Remote Sensing Mapping
Remote Sensing Mapping
Lidar Application In Laser Mapping
Introduction To Remote Sensing
Since the late 1960s and early 1970s, most traditional aerial photography systems have been replaced by airborne and aerospace electro-optical and electronic sensor systems. While traditional aerial photography works primarily in the visible-light wavelength, modern airborne and ground-based remote sensing systems produce digital data covering the visible light, reflected infrared, thermal infrared, and microwave spectral regions. Traditional visual interpretation methods in aerial photography are still helpful.

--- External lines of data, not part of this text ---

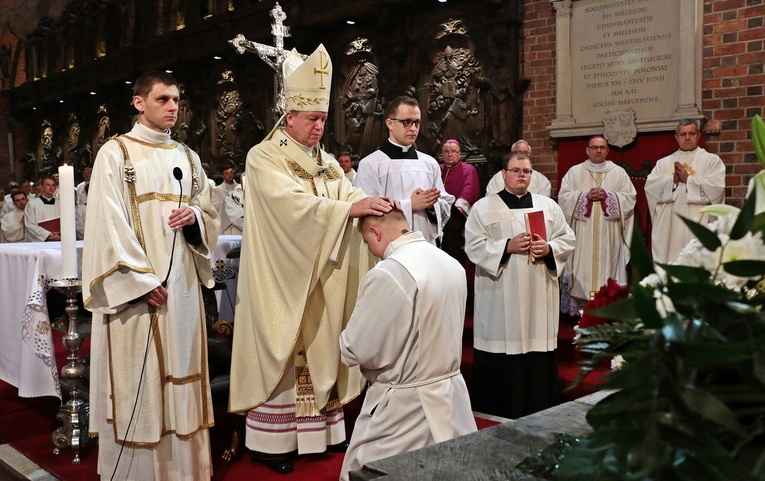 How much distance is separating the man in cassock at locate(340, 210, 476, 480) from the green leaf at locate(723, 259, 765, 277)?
1799 mm

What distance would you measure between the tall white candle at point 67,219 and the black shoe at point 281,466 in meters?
1.43

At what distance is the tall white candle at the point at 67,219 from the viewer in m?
3.53

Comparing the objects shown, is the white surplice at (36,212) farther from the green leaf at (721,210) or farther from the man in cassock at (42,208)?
the green leaf at (721,210)

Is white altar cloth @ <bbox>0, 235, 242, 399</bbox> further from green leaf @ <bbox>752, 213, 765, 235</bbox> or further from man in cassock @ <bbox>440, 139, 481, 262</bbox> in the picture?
green leaf @ <bbox>752, 213, 765, 235</bbox>

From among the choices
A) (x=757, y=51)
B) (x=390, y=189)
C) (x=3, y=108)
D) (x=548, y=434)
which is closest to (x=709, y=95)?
(x=757, y=51)

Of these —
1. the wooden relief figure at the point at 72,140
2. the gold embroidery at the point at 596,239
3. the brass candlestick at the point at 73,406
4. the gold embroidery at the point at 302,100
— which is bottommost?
the brass candlestick at the point at 73,406

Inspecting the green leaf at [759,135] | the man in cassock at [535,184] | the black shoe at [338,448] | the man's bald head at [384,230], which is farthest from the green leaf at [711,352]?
→ the man in cassock at [535,184]

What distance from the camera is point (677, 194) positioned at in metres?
6.63

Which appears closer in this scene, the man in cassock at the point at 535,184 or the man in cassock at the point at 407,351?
the man in cassock at the point at 407,351

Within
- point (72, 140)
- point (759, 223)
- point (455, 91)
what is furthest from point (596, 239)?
point (72, 140)

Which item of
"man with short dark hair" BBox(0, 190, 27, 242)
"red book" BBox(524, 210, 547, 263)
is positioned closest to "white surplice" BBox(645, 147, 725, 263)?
"red book" BBox(524, 210, 547, 263)

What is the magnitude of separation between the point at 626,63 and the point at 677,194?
5.25 ft

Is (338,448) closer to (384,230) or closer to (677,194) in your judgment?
(384,230)

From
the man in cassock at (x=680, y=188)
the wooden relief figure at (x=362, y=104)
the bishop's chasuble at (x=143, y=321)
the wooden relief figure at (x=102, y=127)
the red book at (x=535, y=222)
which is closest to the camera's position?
the bishop's chasuble at (x=143, y=321) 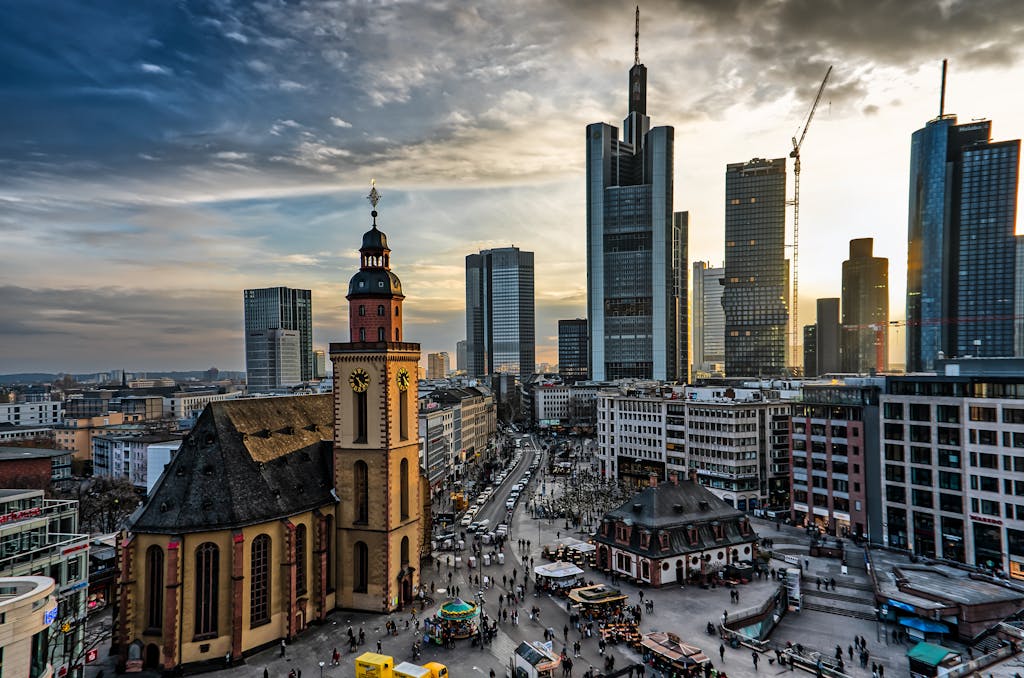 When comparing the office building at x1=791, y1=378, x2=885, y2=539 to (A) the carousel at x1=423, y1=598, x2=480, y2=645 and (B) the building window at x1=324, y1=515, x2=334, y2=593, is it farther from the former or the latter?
(B) the building window at x1=324, y1=515, x2=334, y2=593

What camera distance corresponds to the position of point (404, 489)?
5697 cm

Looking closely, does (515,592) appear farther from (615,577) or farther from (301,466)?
(301,466)

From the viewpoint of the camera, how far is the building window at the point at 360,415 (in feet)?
183

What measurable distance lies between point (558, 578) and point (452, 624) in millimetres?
15073

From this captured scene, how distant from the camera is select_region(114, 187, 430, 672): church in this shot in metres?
45.1

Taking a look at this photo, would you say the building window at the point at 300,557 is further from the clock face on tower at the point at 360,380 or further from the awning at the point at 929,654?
the awning at the point at 929,654

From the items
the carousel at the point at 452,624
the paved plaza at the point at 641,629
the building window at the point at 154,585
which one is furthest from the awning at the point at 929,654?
the building window at the point at 154,585

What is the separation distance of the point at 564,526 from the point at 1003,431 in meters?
51.7

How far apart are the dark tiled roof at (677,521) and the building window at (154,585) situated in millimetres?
41806

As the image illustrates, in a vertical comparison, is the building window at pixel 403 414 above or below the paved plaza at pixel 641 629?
above

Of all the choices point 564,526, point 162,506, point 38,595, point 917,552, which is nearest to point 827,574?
point 917,552

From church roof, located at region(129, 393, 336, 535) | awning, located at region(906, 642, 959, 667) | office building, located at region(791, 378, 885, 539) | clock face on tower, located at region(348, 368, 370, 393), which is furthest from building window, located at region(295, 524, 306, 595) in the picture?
office building, located at region(791, 378, 885, 539)

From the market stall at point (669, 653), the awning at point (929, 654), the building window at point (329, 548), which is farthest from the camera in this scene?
the building window at point (329, 548)

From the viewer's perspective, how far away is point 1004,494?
6462 centimetres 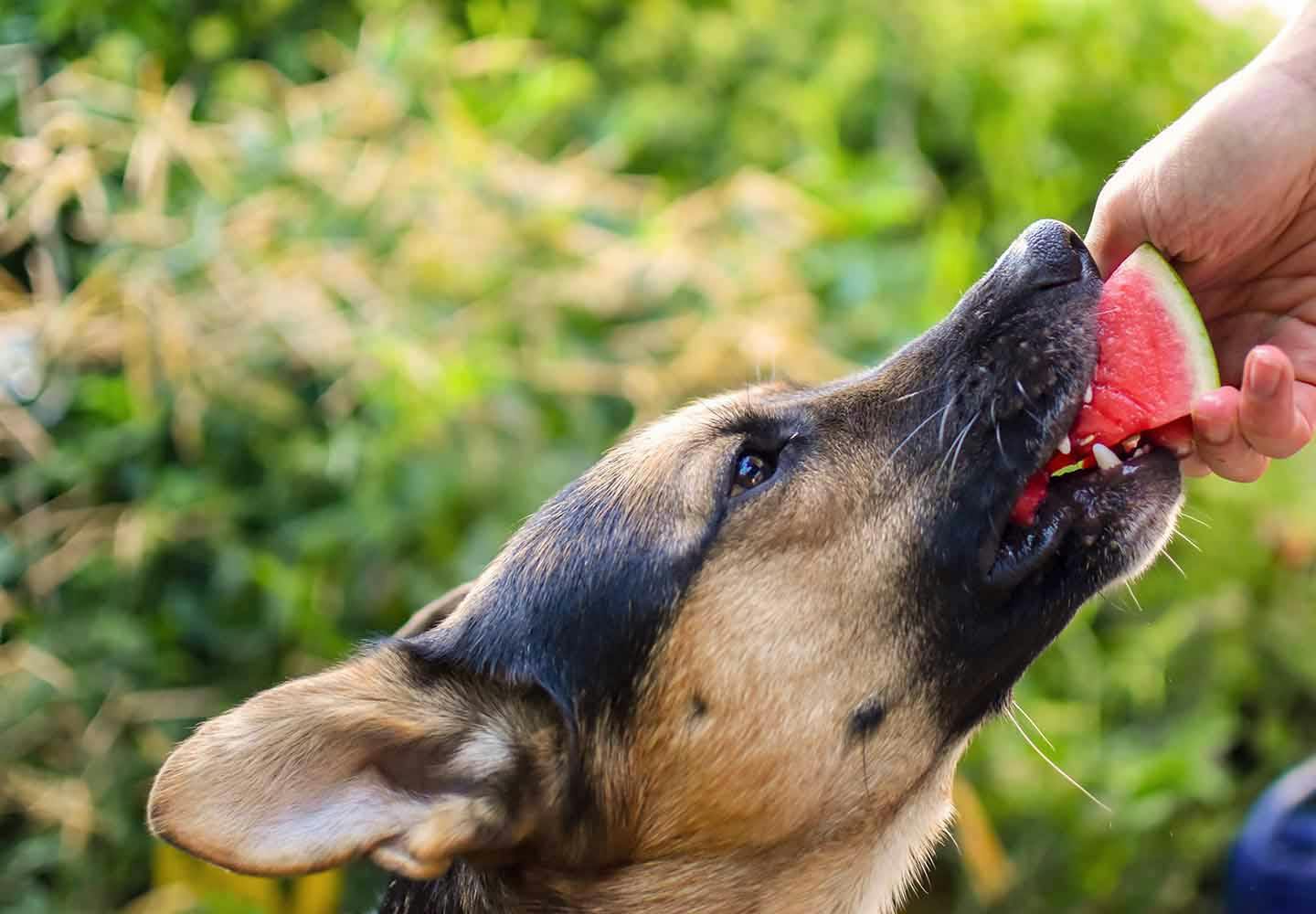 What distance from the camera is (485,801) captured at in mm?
2713

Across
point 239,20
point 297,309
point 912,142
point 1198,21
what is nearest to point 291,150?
point 297,309

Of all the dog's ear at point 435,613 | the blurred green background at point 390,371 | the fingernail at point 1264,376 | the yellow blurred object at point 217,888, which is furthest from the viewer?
the blurred green background at point 390,371

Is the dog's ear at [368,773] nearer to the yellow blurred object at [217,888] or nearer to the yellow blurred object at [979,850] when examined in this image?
the yellow blurred object at [217,888]

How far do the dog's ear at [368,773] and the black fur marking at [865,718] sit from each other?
0.58m

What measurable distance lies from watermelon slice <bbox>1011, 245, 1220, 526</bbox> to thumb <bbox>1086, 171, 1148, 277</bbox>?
14 centimetres

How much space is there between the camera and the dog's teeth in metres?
2.83

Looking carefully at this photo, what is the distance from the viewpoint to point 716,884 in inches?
113

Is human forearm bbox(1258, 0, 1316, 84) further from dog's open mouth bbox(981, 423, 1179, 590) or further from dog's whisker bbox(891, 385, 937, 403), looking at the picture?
dog's whisker bbox(891, 385, 937, 403)

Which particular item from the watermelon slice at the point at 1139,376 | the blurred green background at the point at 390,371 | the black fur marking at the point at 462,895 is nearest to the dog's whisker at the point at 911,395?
the watermelon slice at the point at 1139,376

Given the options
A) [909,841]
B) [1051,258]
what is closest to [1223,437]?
[1051,258]

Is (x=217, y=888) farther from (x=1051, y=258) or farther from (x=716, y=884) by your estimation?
(x=1051, y=258)

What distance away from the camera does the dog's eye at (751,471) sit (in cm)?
294

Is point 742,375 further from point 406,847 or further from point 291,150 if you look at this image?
point 406,847

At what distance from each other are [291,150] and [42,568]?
1770 mm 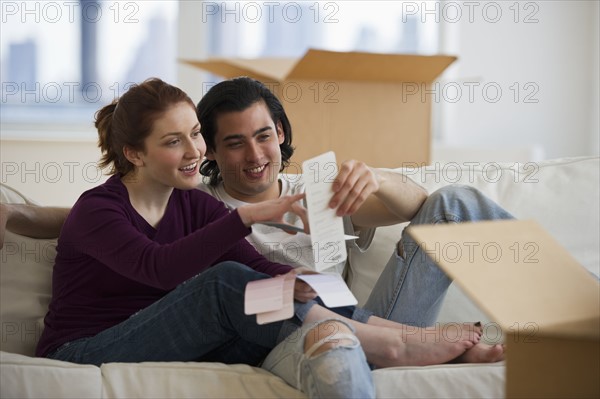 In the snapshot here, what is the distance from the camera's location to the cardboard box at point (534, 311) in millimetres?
1001

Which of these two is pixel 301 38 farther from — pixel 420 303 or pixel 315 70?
pixel 420 303

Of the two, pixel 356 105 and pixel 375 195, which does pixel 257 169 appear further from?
pixel 356 105

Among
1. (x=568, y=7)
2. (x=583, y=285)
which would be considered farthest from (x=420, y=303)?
(x=568, y=7)

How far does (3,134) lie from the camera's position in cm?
398

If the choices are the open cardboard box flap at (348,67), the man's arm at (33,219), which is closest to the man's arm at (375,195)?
the man's arm at (33,219)

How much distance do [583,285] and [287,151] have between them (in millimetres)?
1050

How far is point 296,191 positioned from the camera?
Answer: 1901 millimetres

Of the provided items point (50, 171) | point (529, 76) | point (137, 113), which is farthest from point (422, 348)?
point (529, 76)

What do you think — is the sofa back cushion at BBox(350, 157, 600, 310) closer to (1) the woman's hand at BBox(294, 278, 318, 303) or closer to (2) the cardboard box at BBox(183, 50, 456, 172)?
(1) the woman's hand at BBox(294, 278, 318, 303)

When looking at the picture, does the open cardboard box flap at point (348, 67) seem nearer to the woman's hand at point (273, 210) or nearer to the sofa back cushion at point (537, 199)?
the sofa back cushion at point (537, 199)

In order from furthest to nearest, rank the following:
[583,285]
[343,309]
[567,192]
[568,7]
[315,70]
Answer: [568,7], [315,70], [567,192], [343,309], [583,285]

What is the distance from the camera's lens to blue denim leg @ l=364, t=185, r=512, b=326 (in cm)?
170

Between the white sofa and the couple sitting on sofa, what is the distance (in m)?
0.06

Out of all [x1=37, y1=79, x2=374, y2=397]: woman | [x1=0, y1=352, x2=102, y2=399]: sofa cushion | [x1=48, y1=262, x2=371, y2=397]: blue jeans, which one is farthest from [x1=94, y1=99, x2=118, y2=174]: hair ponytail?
[x1=0, y1=352, x2=102, y2=399]: sofa cushion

Still, remote sensing covers a wider range of applications, including additional activities such as theoretical modeling of target properties, spectral measurements of objects, and digital image analysis for information extraction.
Remote sensing, which refers to all aspects of non-contact long-range detection techniques, is a method that uses electromagnetism to detect, record and measure the characteristics of a target and the definition was first proposed in the 1950s. In the field of remote sensing and mapping, it is divided into 2 sensing modes: active and passive sensing, of which Lidar sensing is active, able to use its own energy to emit light to the target and detect the light reflected from it.
Active Lidar Sensing and Application
Lidar (light detection and ranging) is a technology that measures distance based on the time of emitting and receiving laser signals. Sometimes Airborne LiDAR is applied interchangeably with airborne laser scanning, mapping, or LiDAR.
This is a typical flowchart showing the main steps of point data processing during LiDAR usage. After collecting the ( x, y, z) coordinates, sorting these points can improve the efficiency of data rendering and processing. In addition to the geometric processing of LiDAR points, the intensity information from LiDAR feedback is also useful.
In all remote sensing and mapping applications, LiDAR has the distinct advantage of obtaining more accurate measurements independent of sunlight and other weather effects. A typical remote sensing system consists of two parts, a laser rangefinder and a measurement sensor for positioning, which can directly measure the geographic environment in 3D without geometric distortion because no imaging is involved (the 3D world is imaged in the 2D plane).